Presidents and the Mythology of Munich

If you were making the movie, the scene might go something like this: It is late May 1940. France is collapsing and the Nazis are pushing the British Expeditionary Force into the English Channel. Britain stands alone against Hitler's mighty onslaught. In London the War Cabinet has gathered to consider a peace feeler: if Britain agrees to stop fighting, Hitler will allow the British to keep most of their empire. The notion seems tempting, under the dire circumstances, and politicians like Neville Chamberlain—the former British prime minister who, wrongly, thought he could appease Hitler by letting him swallow a chunk of Czechoslovakia in 1938—want to pursue it. But, lo, no! A lone voice—a familiar bulldog growl—fills the room. England must never yield, insists Winston Churchill (contemptuously mispronouncing the word Nazi as "Nahr-zee"). "If this long island story of ours is to end at last," Churchill rumbles, "let it end only when each one of us lies choking in his own blood on the ground."

Stirring stuff, a Manichaean drama of courage standing against weakness and evil, and pretty much the way Churchill wanted the story told, though not quite the way it happened.
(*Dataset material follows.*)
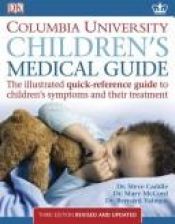 book cover of BMA Children's Medical Guide by Bernard Valman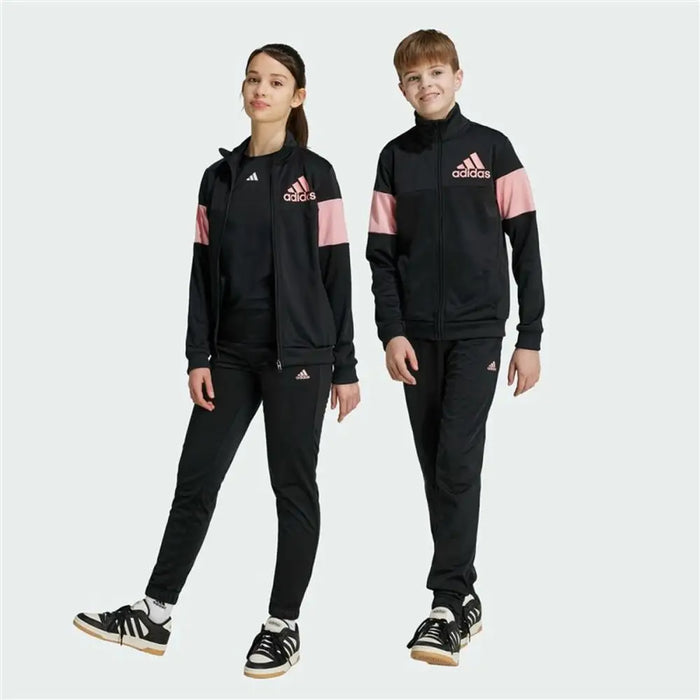 Анцуг за Жена Adidas Bts Черен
The events of late May 1940 are a little less black and white than a docudrama would portray them. Recent accounts by historians like John Lukacs suggest that Churchill was not so much a lion at the ramparts as a brave and able but anxious statesman/politician, worried that his Army was not up to the fight and that the British people weren't really ready for the ordeal to come. For five days in late May 1940, he felt his way, calculating the odds, fretting about "slippery slopes" and working through the problem. At first he said that he wanted to think about the secret deal, but then stiffened and—ultimately with Chamberlain's support—decided to fight on. When he spoke to the British people on June 4, Churchill was magnificent: "We shall fight on the beaches … we shall fight on the fields … we shall never surrender." A human hero—not a man of myth, and all the more admirable for it.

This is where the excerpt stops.